Hotspots of Subterranean Biodiversity Redux

For most plants and animals the broad outlines of global species richness are well known, and often in some detail. The same cannot be said of subterranean communities in general and cave communities in particular. A set of challenges face any attempt to describe the biodiversity of cave communities. First, cave habitats are often difficult to access, and the fauna is numerically rare. Second, the ranges of cave species are typically small [1,2], requiring extensive sampling to capture most of the species richness in a region. Third, the cave fauna, which shows highly convergent morphology at the gross morphological level (i.e., the loss of eyes and pigment, and the elongation of appendages [3]), is often considered as a unit comprising many individual clades. Some individual clades are diverse enough for patterns to emerge [4], but this is rarely the case. Fourth, many species remain undescribed and undiscovered [5].
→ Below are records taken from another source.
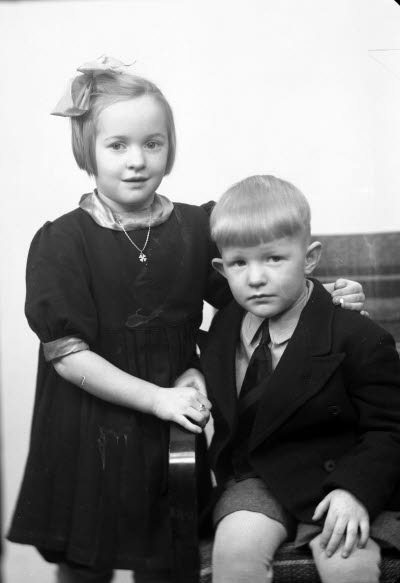 Porträtt av två barn, en flicka och en pojke. Ateljefoto.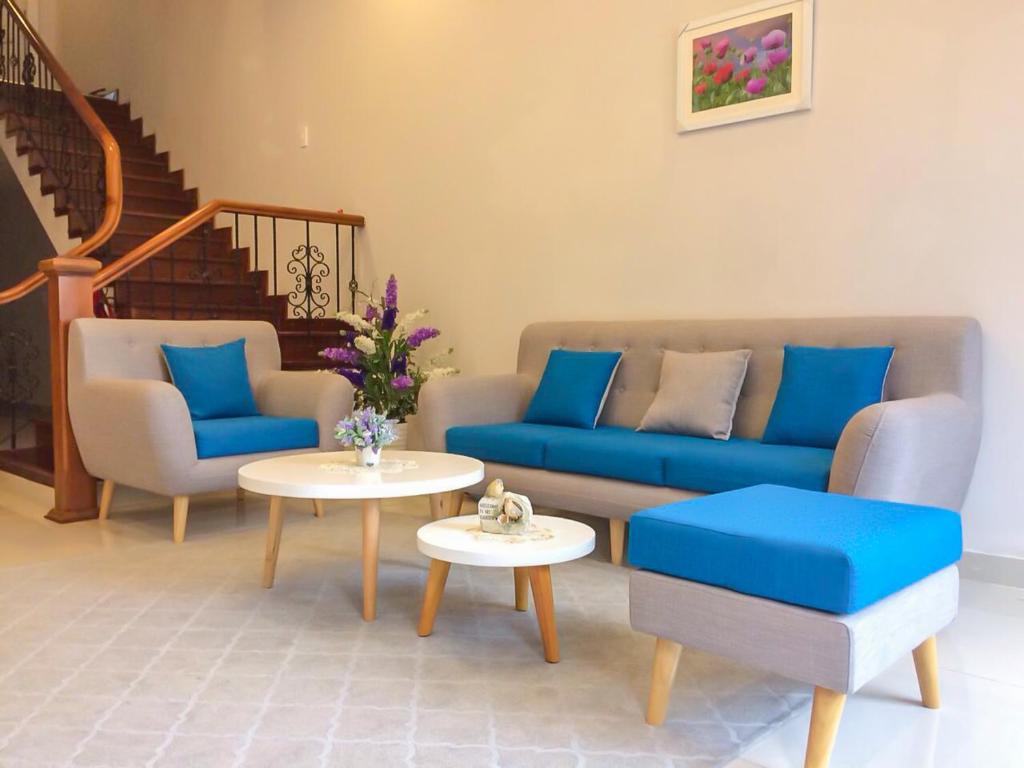 a living room with a couch and chairs and a table at Jolie House in Da Lat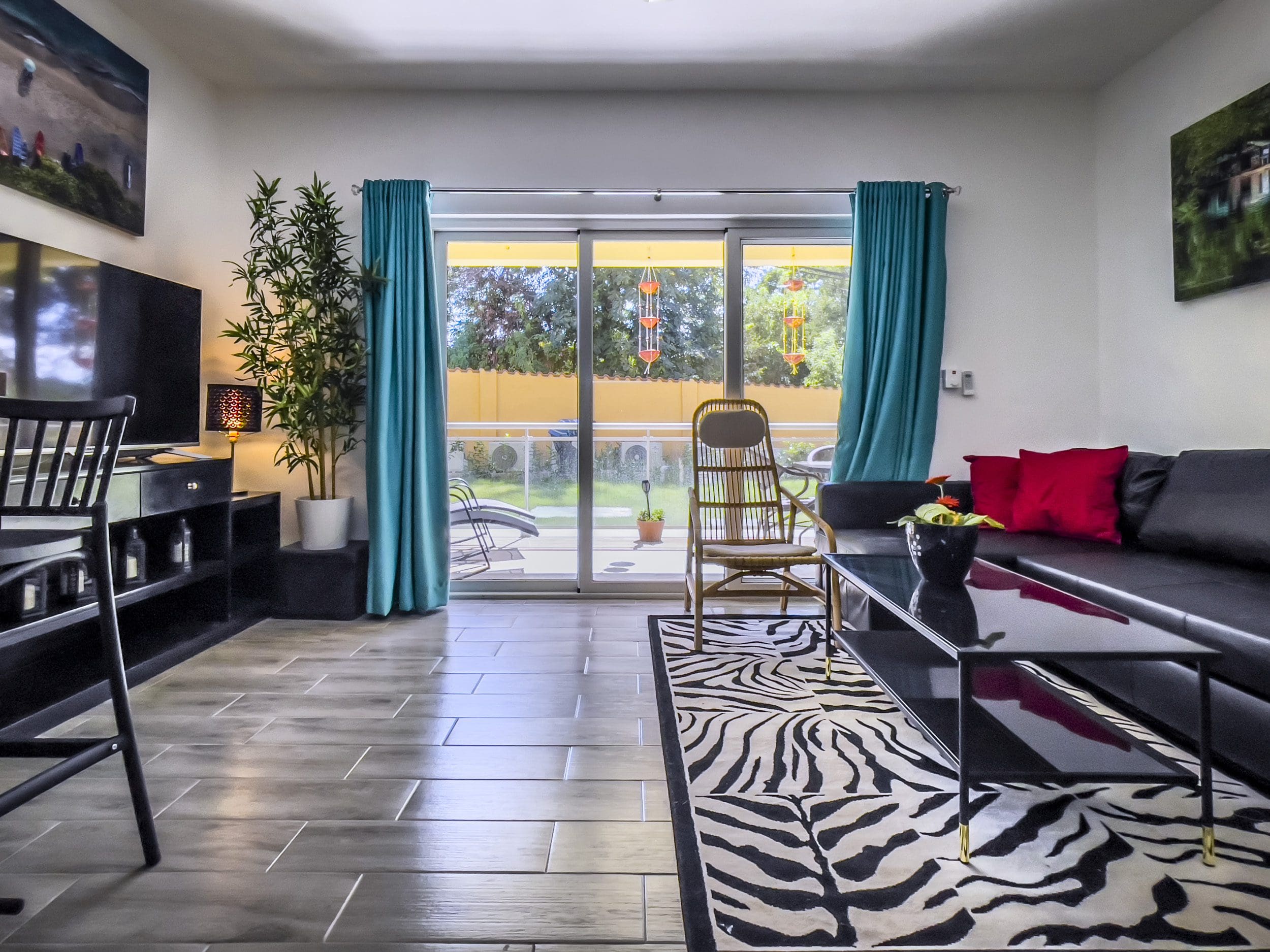 buyDRproperty Living room of a one-bedroom condo with black sofa, zebra rug, and teal curtains. Sosua Real Estate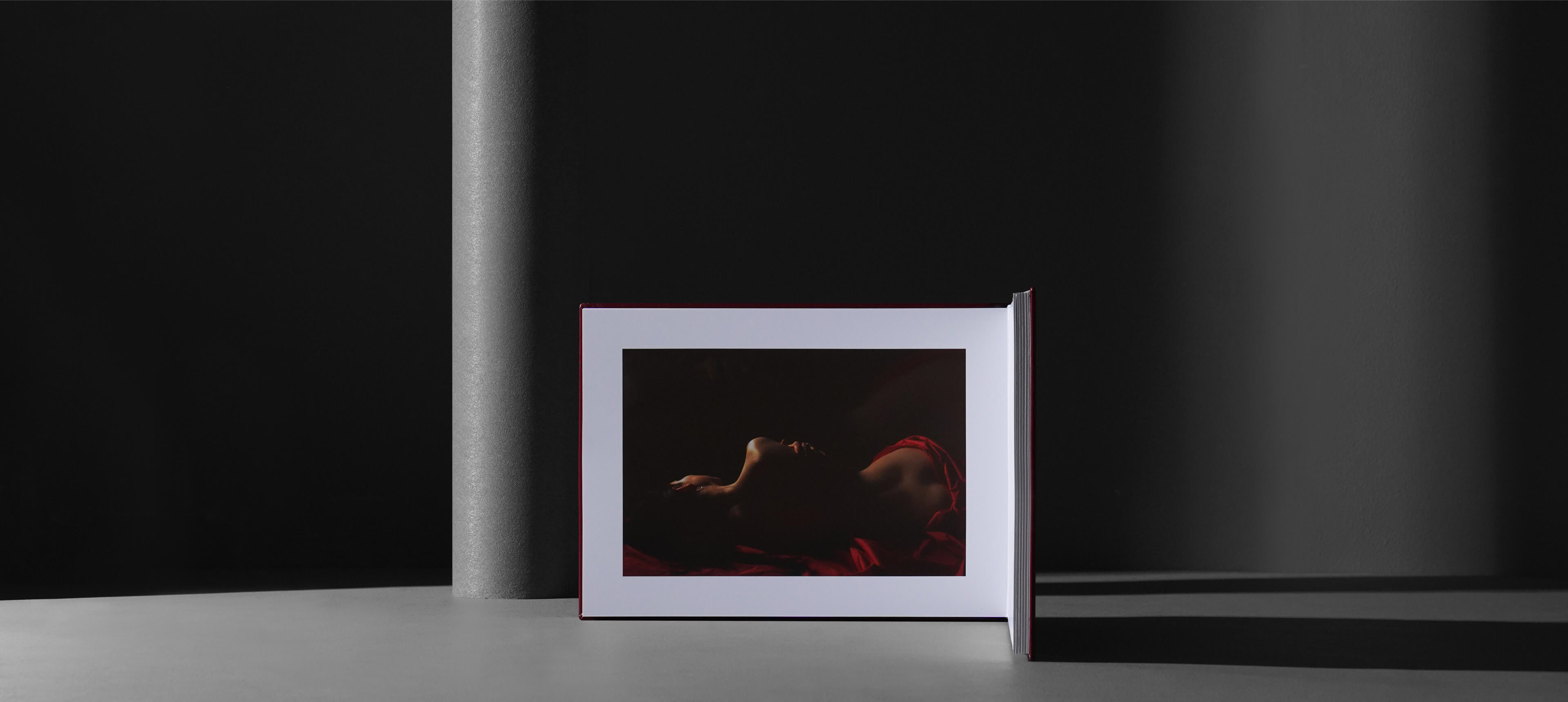 fine art album with an open page of woman laying on her side with a naked back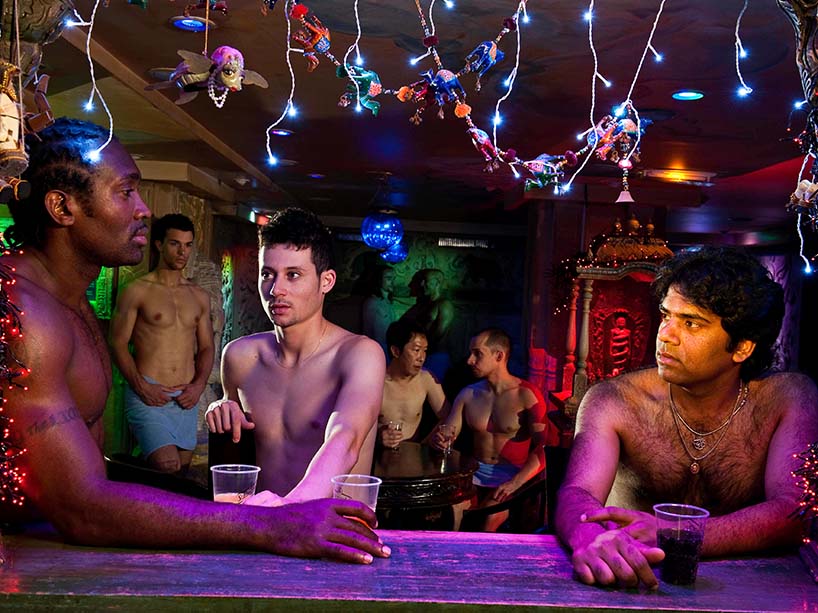 Shirtless men sitting at a bar.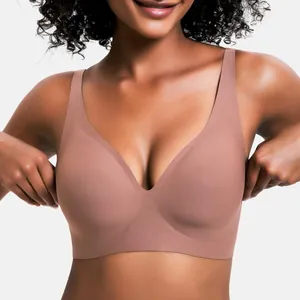 Close-up detail of a women's seamless wire-free push up bra in a nude brown color
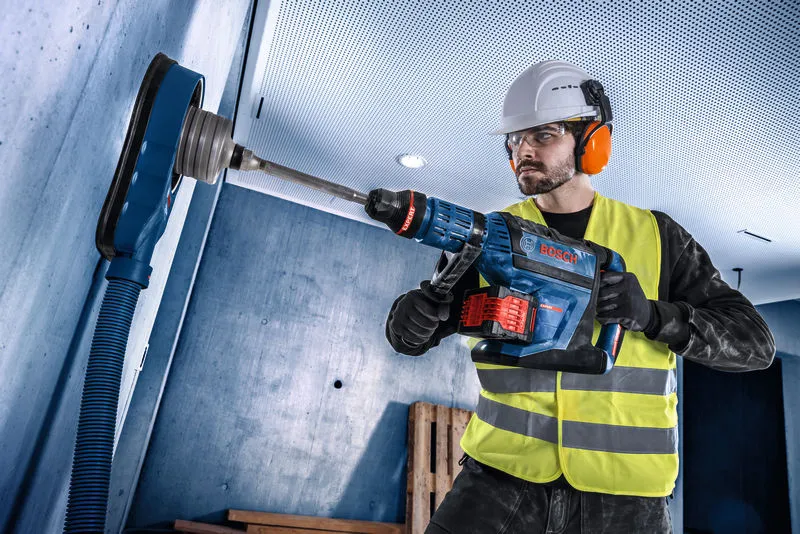A person wearing safety equipment drills into a concrete wall using a cordless rotary hammer.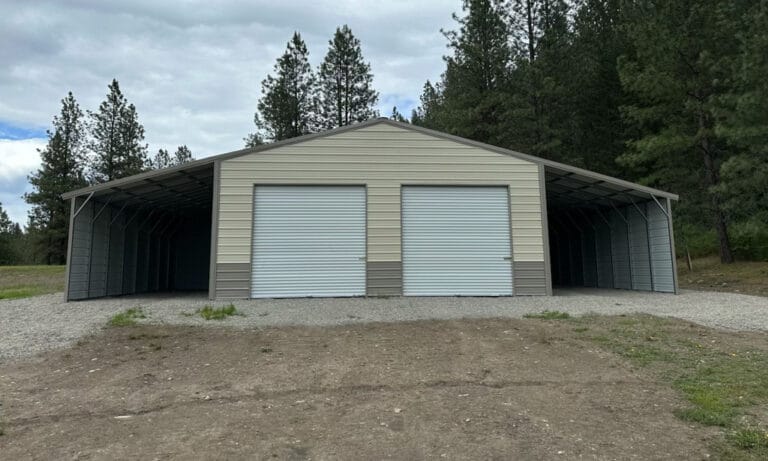 Metal shed with two closed doors in forested area.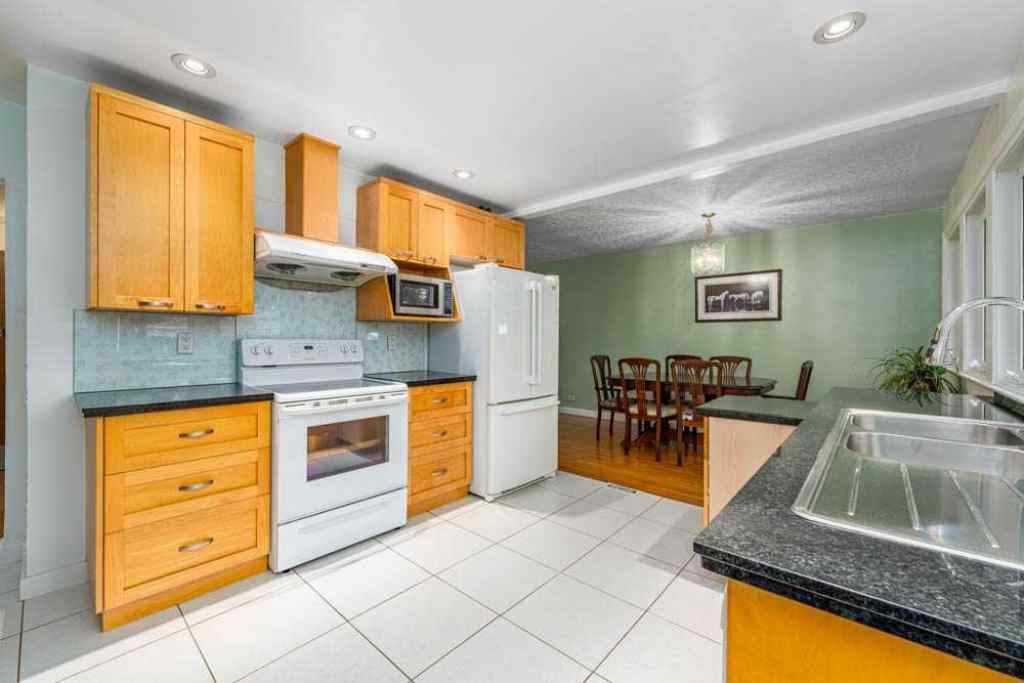 MLS® A2242702 - 2211 Halifax Crescent NW in Banff Trail Calgary, Residential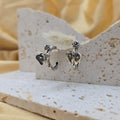 Pair of silver earrings on a stone display block with a soft yellow background
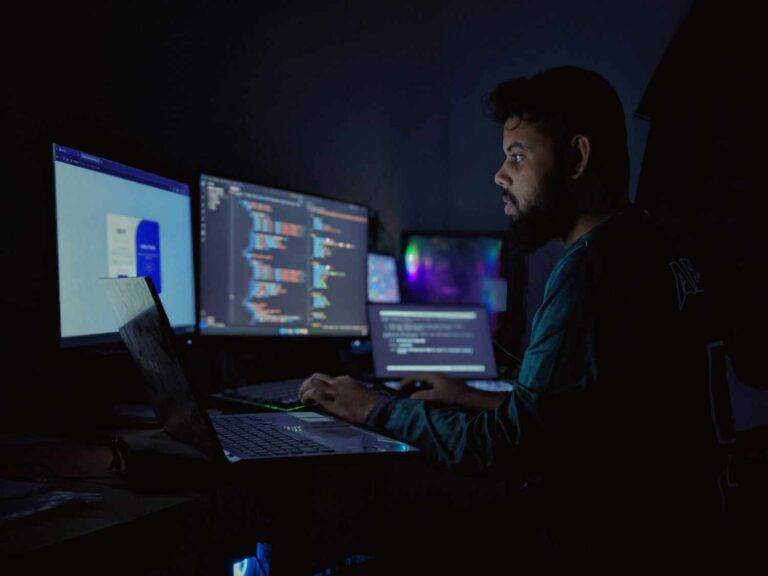IT professional working on a secure cloud system at night with code overlays, illustrating how Citrix improves performance and eliminates RDP lag for hosting Accounting CS in CPA firms.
Despite these challenges, there has been speculation concerning the pattern of subterranean biodiversity since at least the 1960s. Early ideas about cave colonization relied heavily on a climate-forcing model, where species were driven into caves by the climate changes instigated by the Pleistocene glaciations [6,7]. Thus, the highest diversity would be expected in those areas where climate effects were strongest, and opportunities for colonization greatest, i.e., near glacial margins in northern temperate zones. With their discovery of obligate cave-dwelling invertebrates in the tropics, Mitchell [8] and Howarth [9] raised objections to both the Pleistocene model of cave colonization and the scarcity of cave-limited species in the tropics. It is curious that obligate cave-dwelling fish were known from tropical Africa and Mexico well before that [10,11], but had little impact on the early discussions of species diversity.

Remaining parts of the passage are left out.